And so we are very proud and we kept our net promoter score year-over-year relatively flat, over 70, which any other time we wouldn't be pleased with flat, but in a record transaction quarter, we feel pretty good about the service levels for all the transactions and customers and freight that we had to deal with.
So we are very pleased.
Craig Menear - EVP, Merchandising
I would also be remiss if I didn't call out the fact that, between our inventory planning and replenishment team, our merchants working with our suppliers, our suppliers did an awesome job of working with us to make sure that product was flowing and be able to take care of the demand spikes.
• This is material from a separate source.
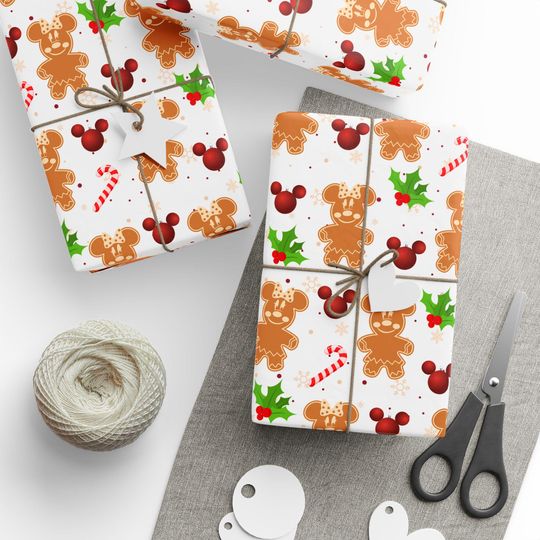 Christmas Disney Wrapping Paper Minnie Gingerbread Mickey Ornament Holiday Gift Wrap Xmas Present Wrap Festive Gift Packaging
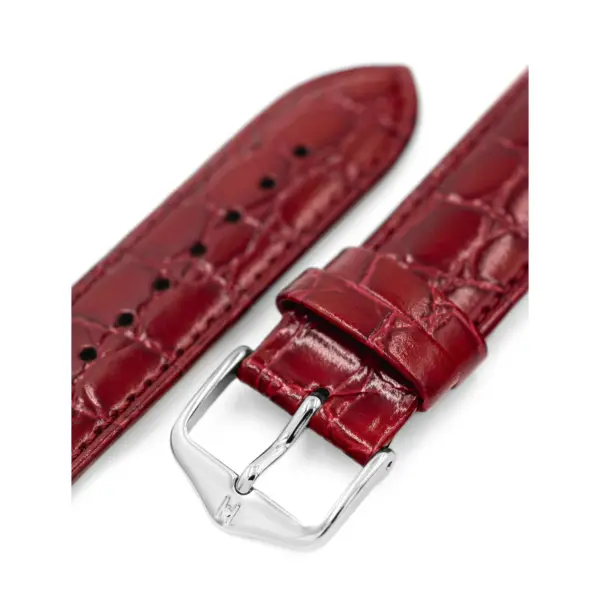 HIRSCH Crocograin - Leder-Uhrenarmband mit Krokodilprägung - Weinrot – Bild 4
We couldn't have done it without them.
Dennis McGill - Analyst
So can you handle a 20% comp?
Craig Menear - EVP, Merchandising
We'd like to try.
Frank Blake - Chairman & CEO
We would give it a shot.
Dennis McGill - Analyst
Thanks, guys.
Operator
Brian Nagel, Oppenheimer.
Brian Nagel - Analyst
Hi, good morning.
Nice quarter.
Big-picture question.
Carol, I want to go back, you commented at the end of your prepared remarks about interest rates as a factor you are watching.
I think now in the retail community, higher interest rates are the latest bogeyman which could derail spending here.
So the question I have for you is, as you think of Home Depot, if interest rates start to have an impact on the business, where would you see it?
And then the follow-up to that is, just to be clear, with interest rates having already ticked up a bit here, have you seen any indications thus far of the skittishness on the part of your consumers as a result of that?
Carol Tome - EVP, Corporate Services & CFO
Well, let me answer the latter part of your question first.
As we look at the housing drivers that impact our business, really looking at turnover and home prices and as you have known, we have seen a nice increase year-on-year in both of those.
And we think, based on forecast for both housing and turnover, that that will drive about 250 basis points of our overall growth this year.
Now how do interest rates come into play for prices or turnover?
Well, if you can't get financing, then you can't get things to move.
So it could have an impact, but we certainly haven't seen that to date.
So we have tried to do a lot of modeling and correlations to say, well, what would happen if rates went up another 100 basis points, another 200 basis points.
We are not seeing anything that we can point out to as aha, here is a big learning.
But just our intuition would tell us consumer psyche can change in a higher interest rate environment so we want to be cautious.
Brian Nagel - Analyst
Is there any -- just a follow-up -- is there any historical precedent if you look at Home Depot through various interest rate cycles as to what point higher interest rates could actually impact the business?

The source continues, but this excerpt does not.